::: Extracted information :::
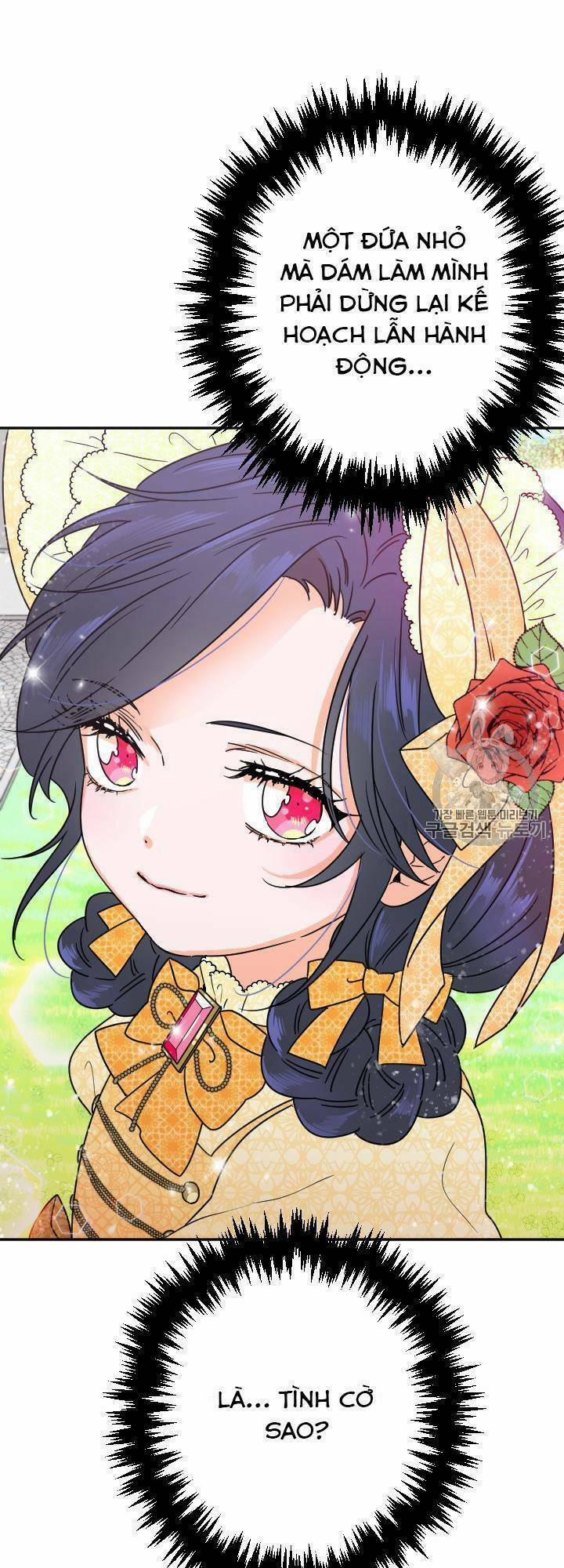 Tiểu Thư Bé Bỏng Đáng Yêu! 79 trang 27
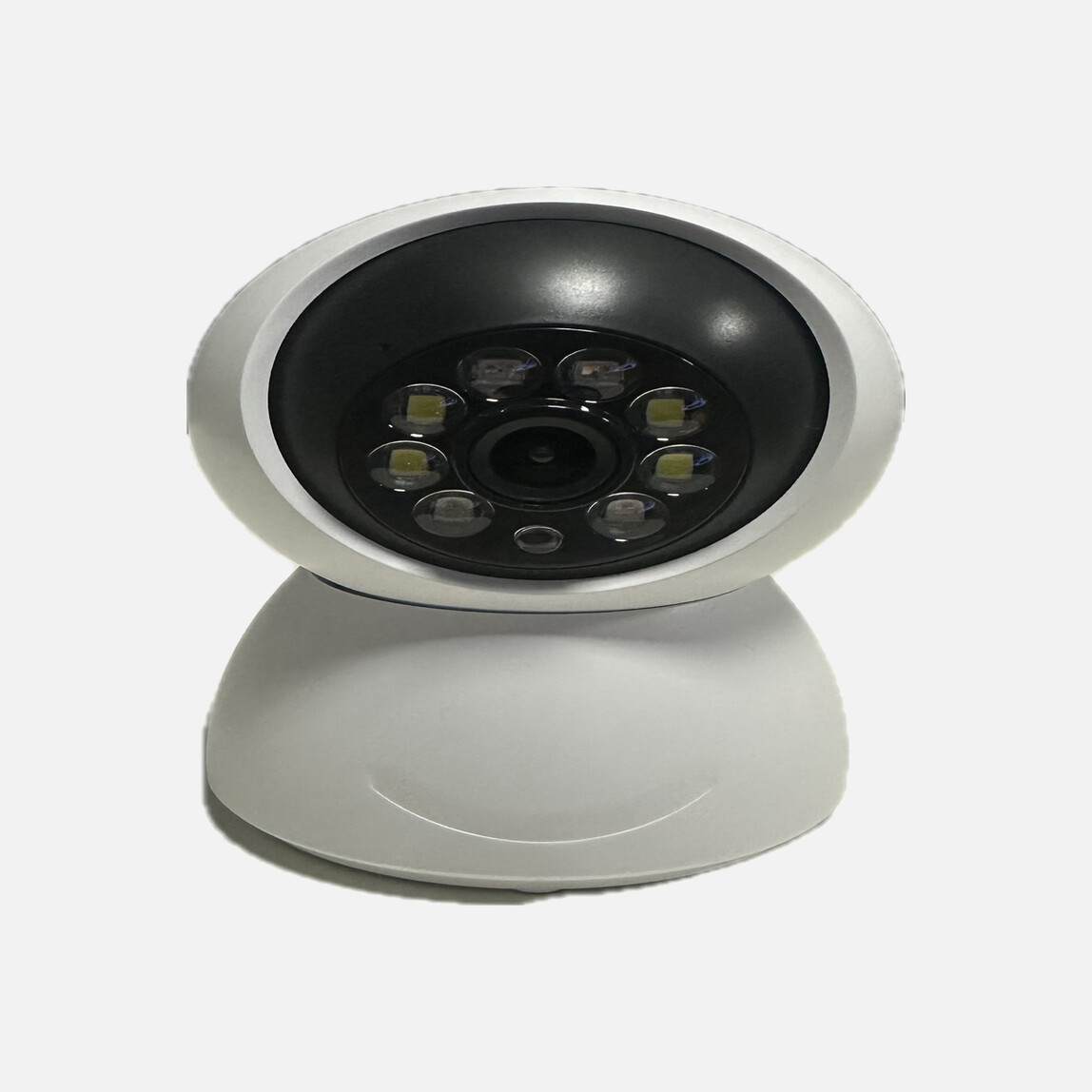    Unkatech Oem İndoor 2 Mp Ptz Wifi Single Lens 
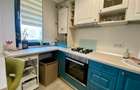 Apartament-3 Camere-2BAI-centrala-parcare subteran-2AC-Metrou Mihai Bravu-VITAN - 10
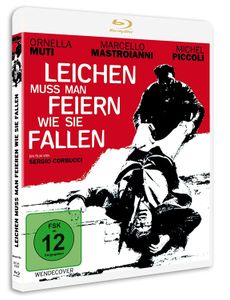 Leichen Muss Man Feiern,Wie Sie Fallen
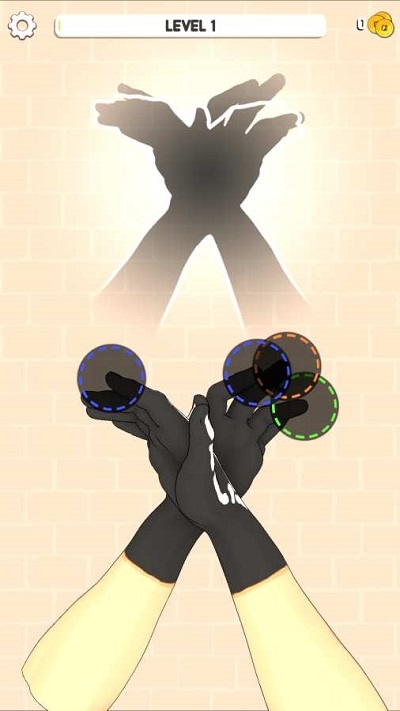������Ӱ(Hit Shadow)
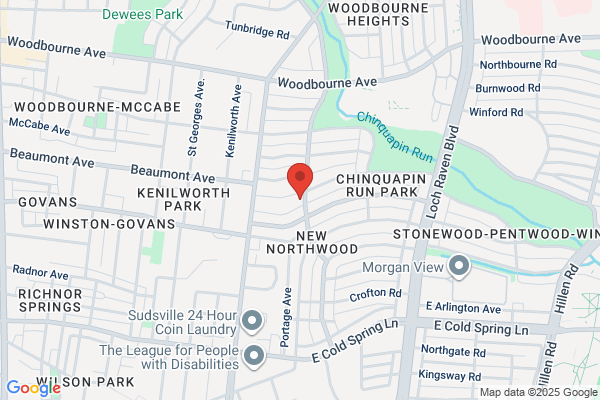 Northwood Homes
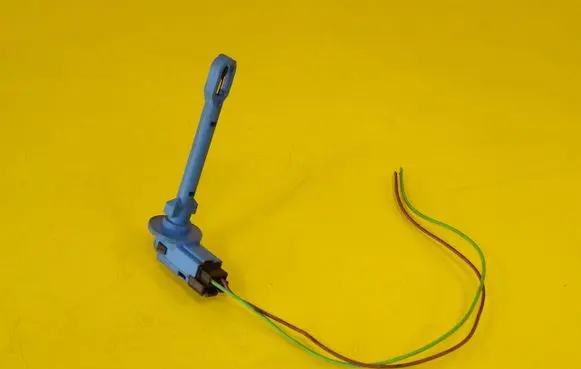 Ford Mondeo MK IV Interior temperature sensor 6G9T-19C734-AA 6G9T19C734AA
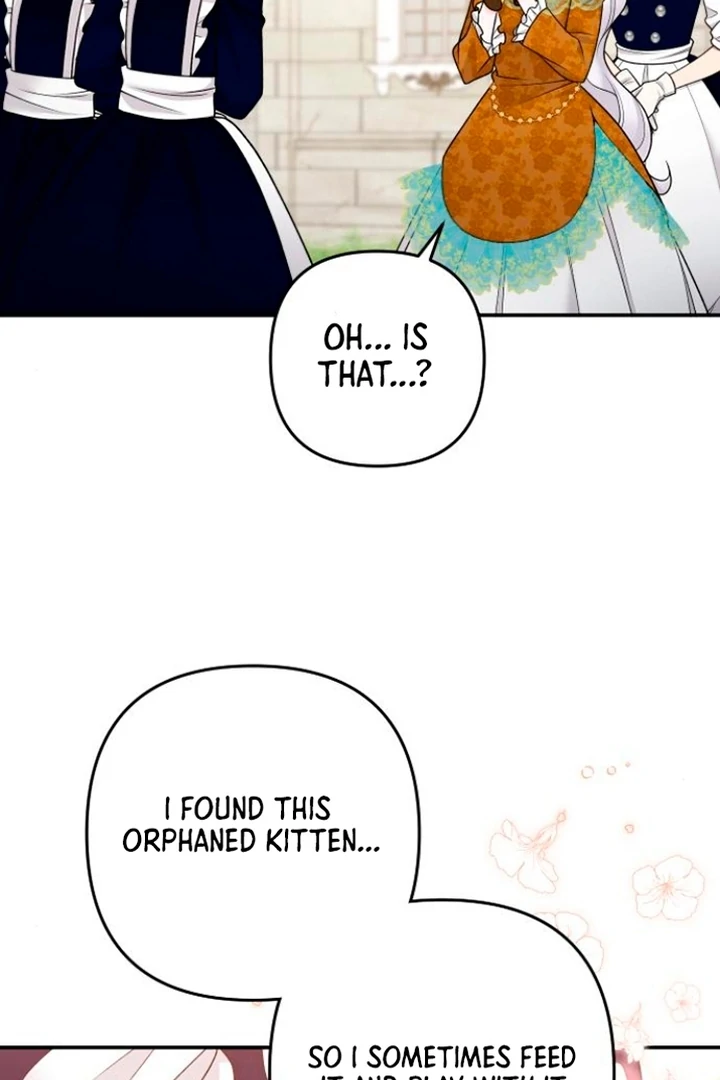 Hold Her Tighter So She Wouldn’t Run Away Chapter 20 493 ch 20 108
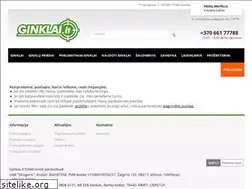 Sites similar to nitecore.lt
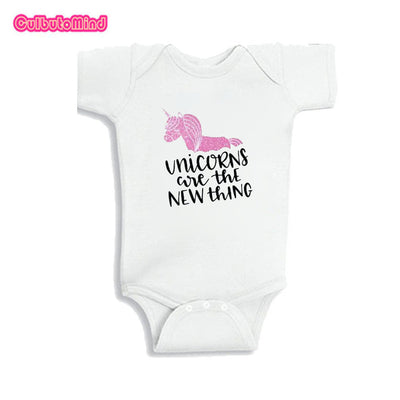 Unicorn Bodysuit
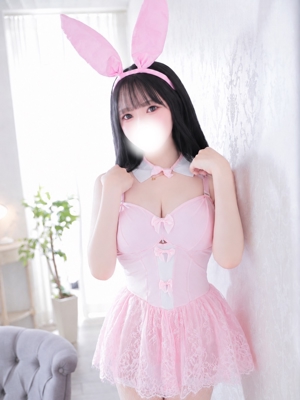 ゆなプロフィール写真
:::
Problem requirements ▸ Above are the records; repeat them all exactly, without the pictures.

Solution for this task ▸
 Tiểu Thư Bé Bỏng Đáng Yêu! 79 trang 27
    Unkatech Oem İndoor 2 Mp Ptz Wifi Single Lens 
 Apartament-3 Camere-2BAI-centrala-parcare subteran-2AC-Metrou Mihai Bravu-VITAN - 10
 Leichen Muss Man Feiern,Wie Sie Fallen
������Ӱ(Hit Shadow)
 Northwood Homes
 Ford Mondeo MK IV Interior temperature sensor 6G9T-19C734-AA 6G9T19C734AA
 Hold Her Tighter So She Wouldn’t Run Away Chapter 20 493 ch 20 108
 Sites similar to nitecore.lt
 Unicorn Bodysuit
 ゆなプロフィール写真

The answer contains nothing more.